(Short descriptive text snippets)
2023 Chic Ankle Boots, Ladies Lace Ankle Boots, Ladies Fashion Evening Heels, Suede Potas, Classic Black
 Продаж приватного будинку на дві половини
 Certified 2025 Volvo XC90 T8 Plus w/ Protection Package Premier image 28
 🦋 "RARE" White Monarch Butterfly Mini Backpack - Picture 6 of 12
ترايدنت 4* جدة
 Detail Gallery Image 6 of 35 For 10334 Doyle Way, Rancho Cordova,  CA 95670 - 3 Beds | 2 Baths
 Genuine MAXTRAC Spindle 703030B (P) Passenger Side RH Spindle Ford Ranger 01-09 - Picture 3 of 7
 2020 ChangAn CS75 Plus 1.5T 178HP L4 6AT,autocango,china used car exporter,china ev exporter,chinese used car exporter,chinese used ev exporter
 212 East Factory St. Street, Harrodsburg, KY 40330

● **Your instructions**: The records above must be repeated exactly, every one of them.

● **Answer for the task**:
2023 Chic Ankle Boots, Ladies Lace Ankle Boots, Ladies Fashion Evening Heels, Suede Potas, Classic Black
 Продаж приватного будинку на дві половини
 Certified 2025 Volvo XC90 T8 Plus w/ Protection Package Premier image 28
 🦋 "RARE" White Monarch Butterfly Mini Backpack - Picture 6 of 12
ترايدنت 4* جدة
 Detail Gallery Image 6 of 35 For 10334 Doyle Way, Rancho Cordova,  CA 95670 - 3 Beds | 2 Baths
 Genuine MAXTRAC Spindle 703030B (P) Passenger Side RH Spindle Ford Ranger 01-09 - Picture 3 of 7
 2020 ChangAn CS75 Plus 1.5T 178HP L4 6AT,autocango,china used car exporter,china ev exporter,chinese used car exporter,chinese used ev exporter
 212 East Factory St. Street, Harrodsburg, KY 40330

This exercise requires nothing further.